One of National Geographic’s cover stories in 1999 was on global culture – with an image juxtaposing the traditional and modern in a developing country: India. The idea of a “global culture” certainly permeates much more than our outward appearance, but the way we think and act as “global citizens”. In a Tampa Bay Times exclusive by David Jacobson, who directs the Citizenship Initiative at the University of South Florida in Tampa, the idea of a global culture is described as the “next frontier” – one of the next machinations on our planet’s path of globalization:

The arc of human history shows a continuous ratcheting up in the scale of community. Hunting bands were…replaced by agricultural societies. Agricultural societies coalesced into empires. From roughly the 17th century we see the emergence of centralized states and cohesive nations.

What next? A global order, suggests Jacobson. A culture that is shared by a significant number of the Earth’s inhabitants – complete with a set of values and behavioral norms that inform the way we think and act. A guidebook that defines what’s right and wrong between people from countries around the world, unified by a single language. We already have communication technology allowing us to converse across national boundaries, eliciting responses from people far away that have an opinion and want to contribute. How do we temper a global culture with many players (states, corporations, individuals, etc.) vying to influence the way we see the world?

We may be far from a cohesive global culture, but we can begin to identify the preferences many of us share from country to country. One might be instantaneous communication. Whether we use email, instant messaging, videoconferencing or SMS, there is a growing expectation that we’re accountable to ourselves and to our employers 24 hours a day, 7 days a week (or else be left behind by those more willing and eager). As our mobile devices have quickly become appendages to our bodies (for some, we may feel “naked” without them), we can indeed communicate around the clock from a plethora of locations outside the office and home.

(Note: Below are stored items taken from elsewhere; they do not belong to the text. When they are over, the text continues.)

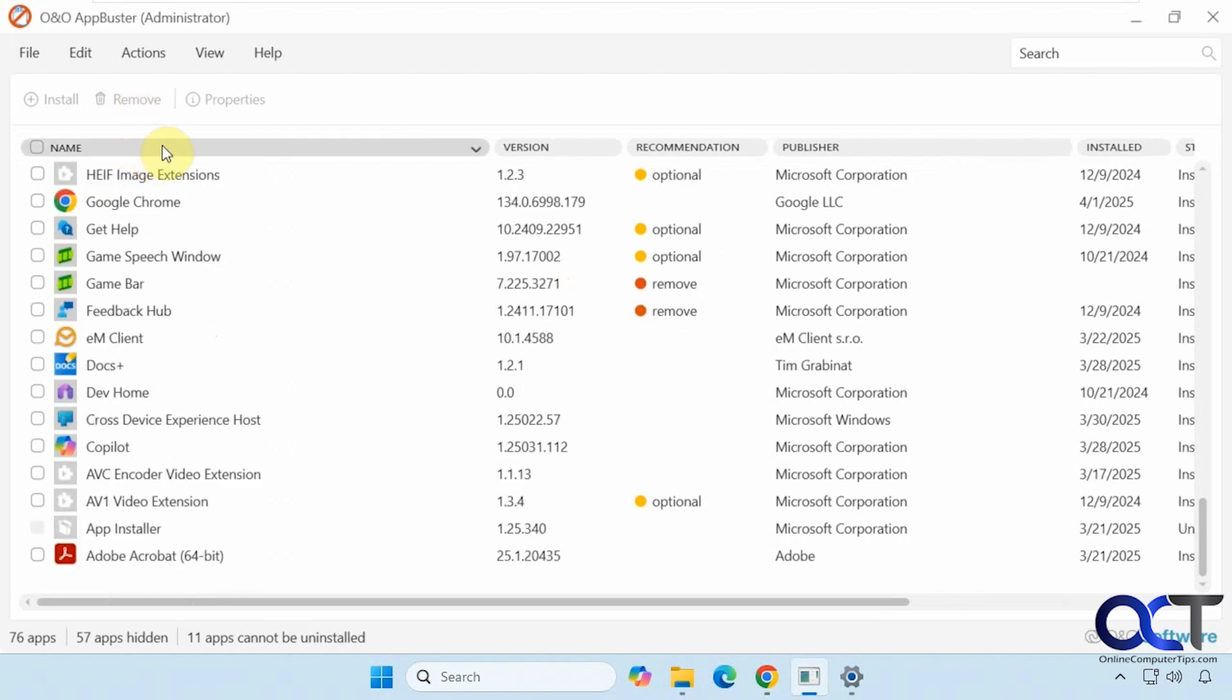As you can see, it's a nice little tool if you want to uninstall a bunch of things at once, or view some other options that the Windows settings is not going to show you under the apps. And also if you want to maybe reinstall something after you remove it.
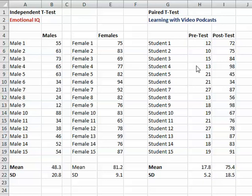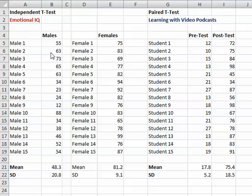I'm going to talk about a paired t-test — that's the test on the right here. In doing that, I'm going to compare it to an independent t-test. An independent t-test, if you recall, is a comparison of two completely separate groups of individuals on some sort of score. In this case, it was emotional IQ, and we're comparing males with females.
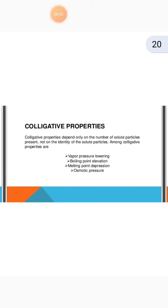A very good morning to all. Today I am going to explain class 12 chemistry chapter number 2. Today's topic is colligative properties. Colligative properties depend only on the number of the solute particles present, not on the identity of the solute particle.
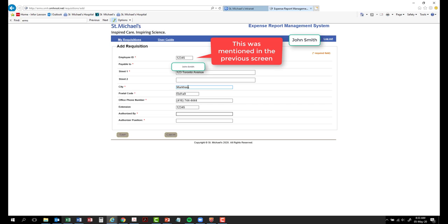Authorized by. Enter the first and last name of the manager authorized to approve the activity to which expenses are to be charged.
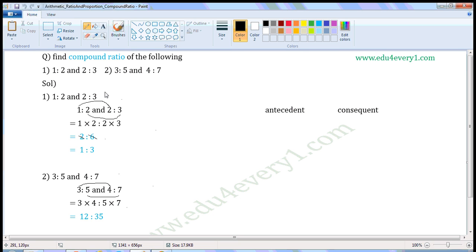Now write the given ratios here: 1 is to 2 and 2 is to 3. To find the compound ratio, we have to multiply the antecedents separately and the consequents separately. So the compound ratio of 1 is to 2 and 2 is to 3 is equal to 1 into 2, is to 2 into 3. That gives us 2 is to 6.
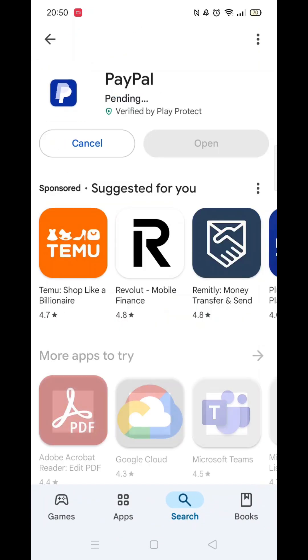Once you have checked and are happy to proceed, click the back arrow button in the top left corner, then hit the big blue install button to download the app.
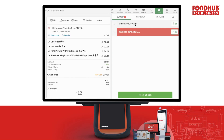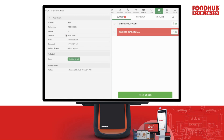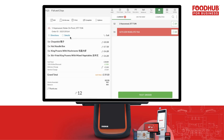To accept an order, simply click on it. Once accepted, you can view detailed information such as the delivery address, customer name, contact number, order ID, items ordered, and much more.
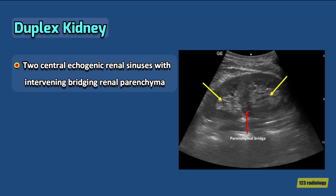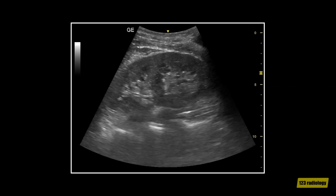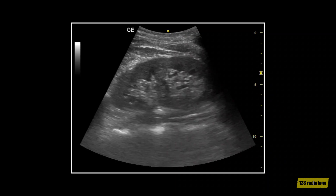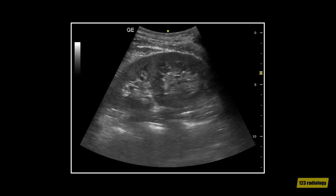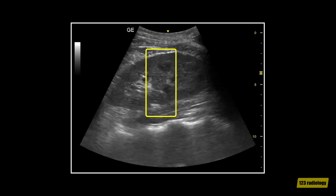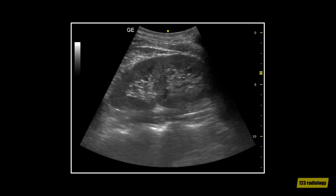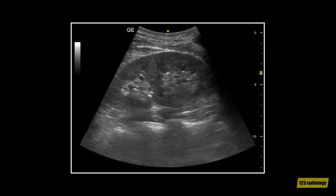On ultrasound, the duplex kidney appears to have two central echogenic renal sinuses with intervening bridging renal parenchyma, as you can see in this image. This is a cine clip of a longitudinal ultrasound examination of the left kidney. It shows the absence of hilar fat in the mid-pole of the kidney with a complete band of renal cortex, which in this patient is diagnostic for a duplex kidney.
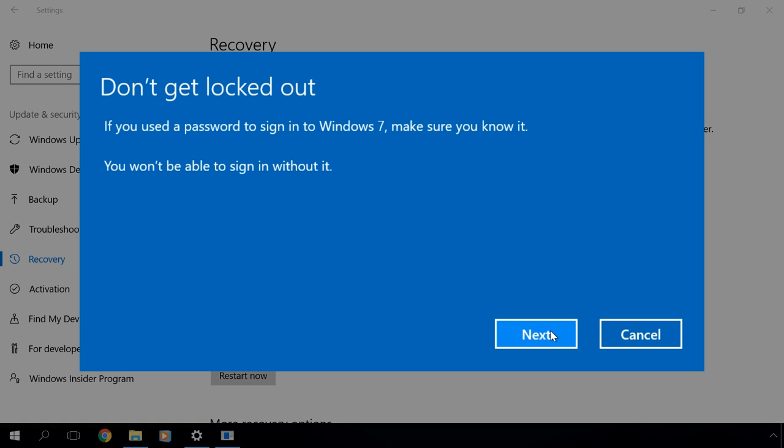Here comes another window informing you that you should remember your account password.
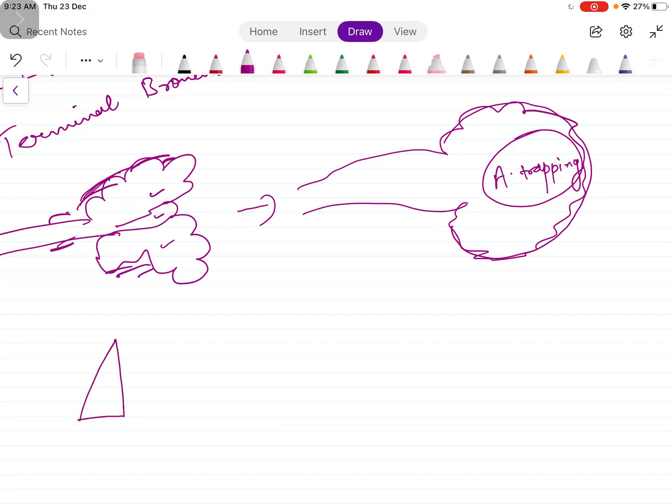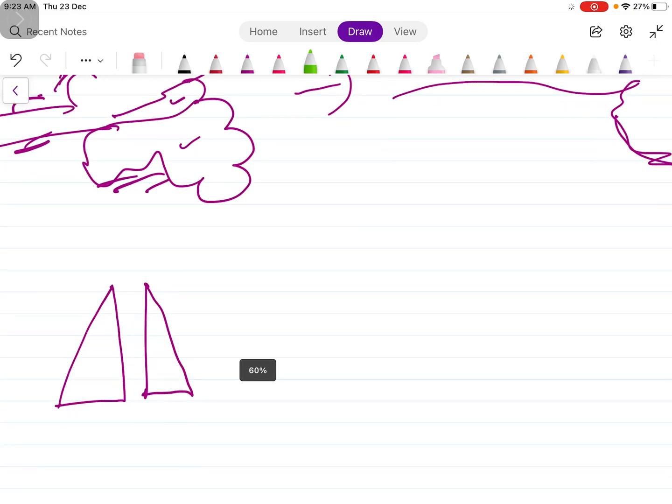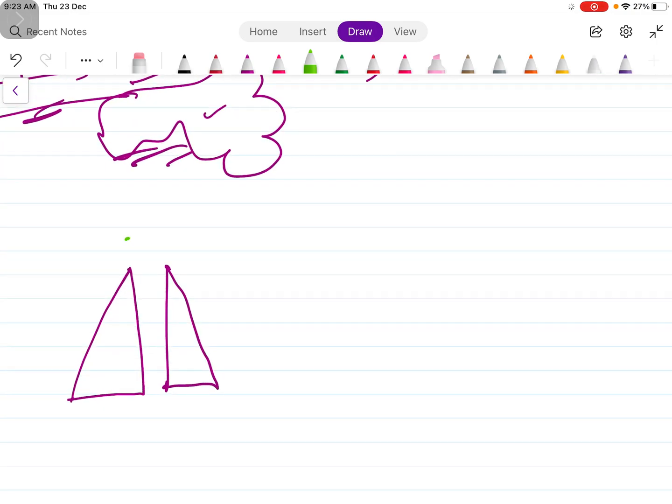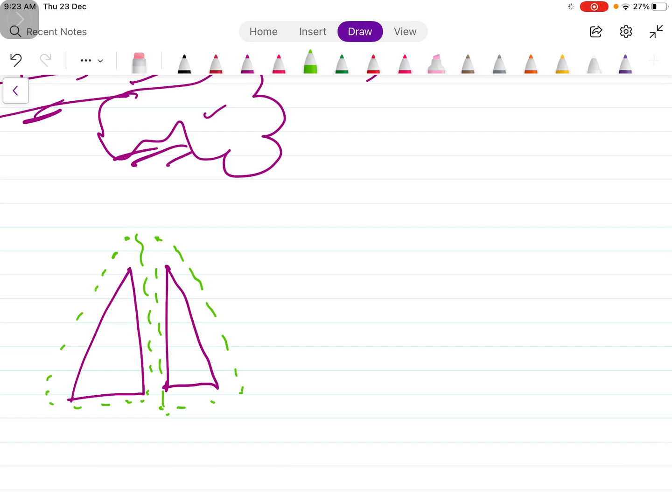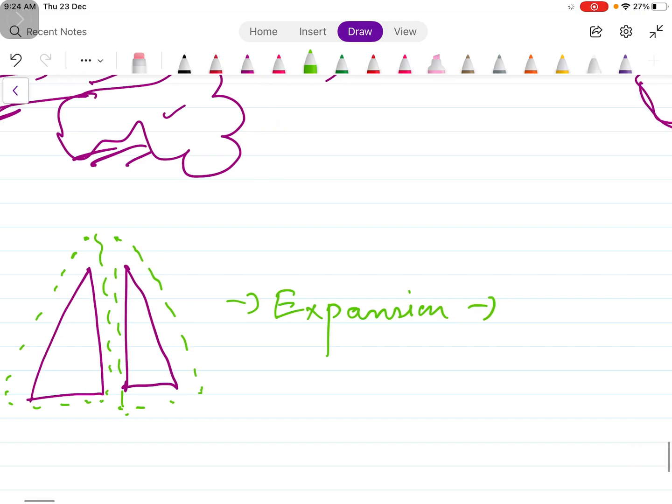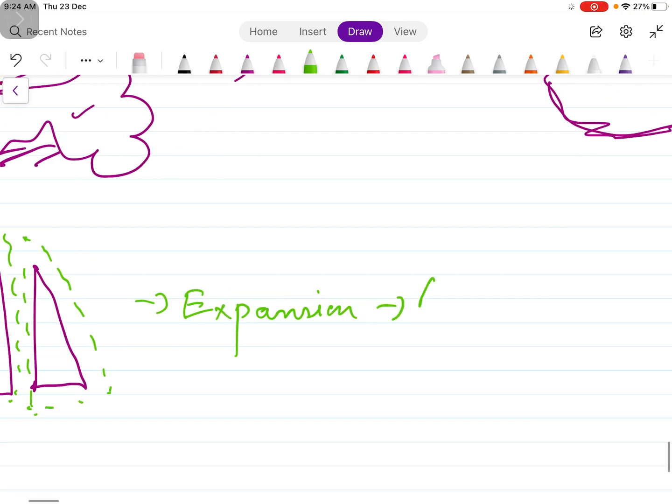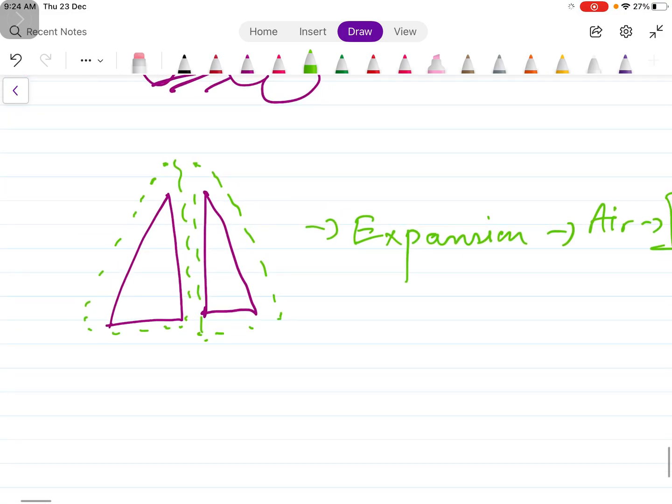So now you can understand that there is air trapping in both conditions. If this is the size of the normal lung, because of air trapping what will happen is the size of the lung will increase. So in the x-ray you can see the expansion of the lung. And if there is expansion of the lung, we know that lung contains air, so in x-ray the lungs will look more black.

There is also a widespread expectation that technology will continue to innovate, thereby facilitating our dealings and further molding our values around communication, relationships and business competence. How would instantaneous travel (the ability to physically move from one location to a distant other in a matter of nanoseconds) impact this global culture? How much easier would it be to build trusting relationships with our counterparts half-way around the world? Would this negate our need to communicate in text, and instead, simply materialize in front of our business partners and colleagues for a quick meeting instead?

What other global phenomena might continue to evolve and inform a global set of norms – norms we would rely on for an effective, global civil society?

Sean

Comments (5 Comments)
  1. Daragh

    Not sure a single homogeneous global culture is even desirable, let alone likely – it is one of the joys of travelling and working internationally that there is such variety of human experience, of culture, and that diversity is also in my view a powerful force for innovation, flexibility and resilience, not just potential conflict or misunderstanding. Strikes me that this desire to flatten the world culturally (and impliedly in a very western, technological way, incidentally) is an extremely US view of the future. Would the same enthusiasm be demonstrated if it were Chinese or Muslim culture or values that were propagated from East to West?

  2. Chris Carlson

    Daragh’s comment is quite accurate, in my opinion. Different cultures are desirable, and I wouldn’t want all cultures to become “westernized” or “easternized.”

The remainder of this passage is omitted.